Dafür, dass der Gesetzgeber des Reichs- und Staatsangehörigkeitsgesetzes vom 22. Juli 1913 die Möglichkeit der Rücknahme der Einbürgerung abweichend von dem bisherigen Rechtszustand regeln wollte, bieten weder der Wortlaut noch die Entstehungsgeschichte des Gesetzes einen Anhalt. Das Reichs- und Staatsangehörigkeitsgesetz gibt in § 16 den Inhalt der §§ 6, 10 und 11 des Gesetzes von 1870 wieder und macht die Wirksamkeit der Einbürgerung von dem Formalakt der Aushändigung der entsprechenden Urkunde abhängig. § 17 RuStAG entspricht nach Inhalt und Form weitgehend § 13 des Gesetzes von 1870, indem er abschließend die Verlustgründe aufzählt. Da vorausgesetzt werden kann, dass dem Gesetzgeber des Reichs- und Staatsangehörigkeitsgesetzes die ständige Rechtsprechung des Preußischen Oberverwaltungsgerichts zum Ausschluss der Rücknahme der Einbürgerung bekannt war, ist der Schluss gerechtfertigt, dass die Übernahme des bisherigen Rechtszustandes dem Willen des Gesetzgebers entsprach. Dementsprechend wurde auch nach Inkrafttreten des Reichs- und Staatsangehörigkeitsgesetzes vom überwiegenden Teil des Schrifttums unter Hinweis auf die angeführte Rechtsprechung des Preußischen Oberverwaltungsgerichts die Auffassung vertreten, dass eine Aufhebung und Ungültigkeitserklärung einer von der zuständigen Behörde ordnungsgemäß ausgefertigten Verleihungsurkunde nach ihrer Aushändigung nicht mehr möglich sei (vgl. statt vieler v.Keller/Trautmann, Kommentar zum Reichs- und Staatsangehörigkeitsgesetz, 1914, § 16 Anm. II 1).

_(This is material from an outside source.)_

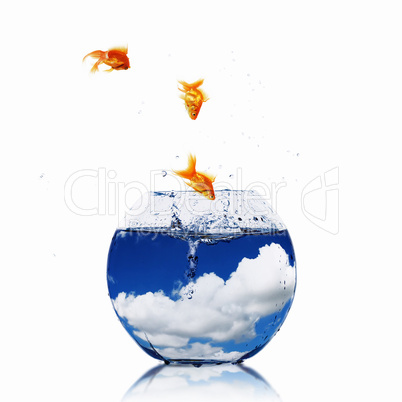 gold fish in a fishbowl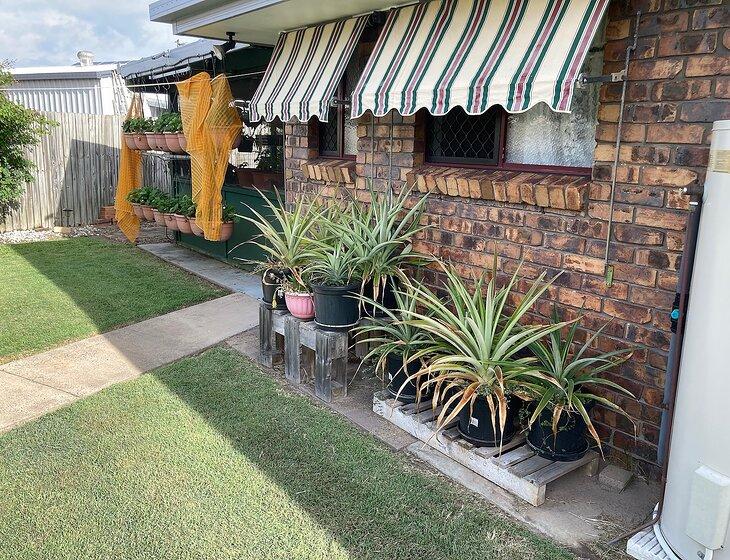 Eli Waters, Hervey Bay, Queensland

Während auch noch der Bundesgerichtshof in einem Beschluss vom 23. Februar 1954 (BGHSt 5, 317, 323) unter Hinweis auf die Rechtsprechung des Preußischen Oberverwaltungsgerichtes die Auffassung vertreten hatte, dass mit der Einbürgerung so weittragende Folgen für den rechtlichen Personenstand in jeder Beziehung verbunden seien, dass das Gesetz den Eintritt des neuen Personenstandes im Interesse der Rechtssicherheit bewusst an einen förmlichen rechtsbegründenden Akt geknüpft habe und es der Zweck des § 16 Abs. 1 RuStAG sei, ein für allemal klare Rechts- und Beweisverhältnisse zu schaffen, trat im juristischen Schrifttum nach Inkrafttreten des Grundgesetzes ein Meinungsumschwung ein (vgl. z.B. Lichter, Die Staatsangehörigkeit, 2. Aufl., 1955, S. 85, wonach das "übergeordnete staatliche Interesse [Gemeinwohl] die Aufhebungsmöglichkeit" gebieten könne, allerdings stets nur für die Zukunft und auch einen begrenzten Zeitraum; Reck, DÖV 1958, 813).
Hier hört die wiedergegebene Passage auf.